Frankfurt Honors Hans Bethe
DOI: 10.1063/1.2408596
Hans Bethe as creator of the Sun. That’s a nod to Bethe’s research on energy production in stars, for which he received the 1967 Nobel Prize in Physics. The painting, by Bavarian artist Jürgen Jaumann, was commissioned to coincide with an honorary doctorate bestowed on Bethe this summer by the Johann Wolfgang Goethe University in Frankfurt, Germany.
Bethe, who turned 98 in July, had foresworn accepting any more honors. He made an exception this time. “I felt delighted,” he said in a statement read by his half brother, who represented Bethe at the ceremony. “Frankfurt is the familiar town of my youth.” Bethe attended school and began his university studies in Frankfurt, and held his first teaching position there.

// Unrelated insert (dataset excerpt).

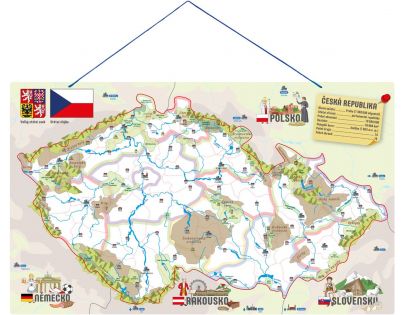 Woody Magnetická mapa ČR s obrázky a společenská hra, 3 v 1 - Poškozený obal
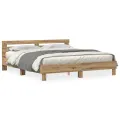 Cadre de Lit en Bois Chêne Artisanal Bois Massif 200 x 200 cm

He left Nazi Germany in 1933 after he was dismissed from a professorship because he is half Jewish. In the US, he worked on the Manhattan Project and has been on the faculty of Cornell University since 1935.
Horst Schmidt-Böcking, the retired dean of physics at the Frankfurt university and a driving force behind both the painting and the honorary doctorate, says, “Frankfurt owes Hans Bethe a lot in terms of science. We will fight to make his name well known in this city. This honor was long overdue.”
The portrait hangs in the Frankfurt university’s new physics building. Cornell will be given a second, similar portrait.